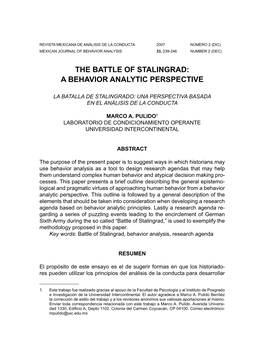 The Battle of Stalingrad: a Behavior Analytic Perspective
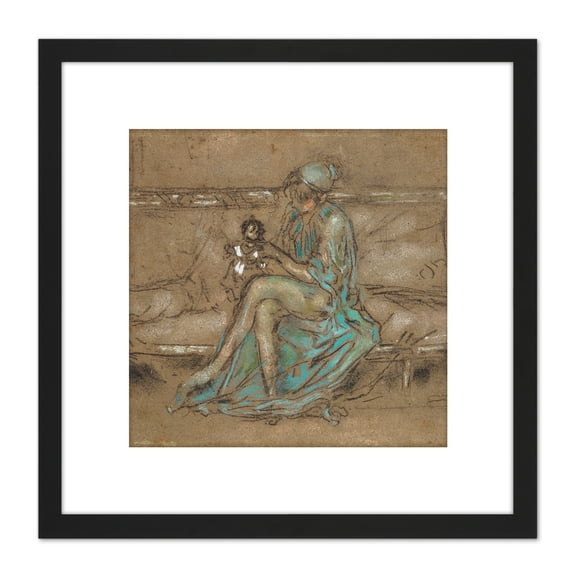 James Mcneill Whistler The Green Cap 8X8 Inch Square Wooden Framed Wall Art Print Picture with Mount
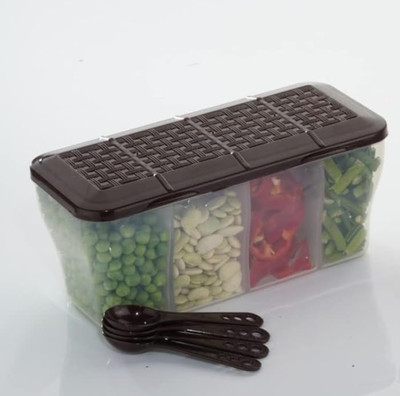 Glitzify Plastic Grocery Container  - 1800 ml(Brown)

Instructions to follow => Return the listing verbatim, pictures omitted.

Solution to the problem =>
 The Battle of Stalingrad: a Behavior Analytic Perspective
 James Mcneill Whistler The Green Cap 8X8 Inch Square Wooden Framed Wall Art Print Picture with Mount
 Glitzify Plastic Grocery Container  - 1800 ml(Brown)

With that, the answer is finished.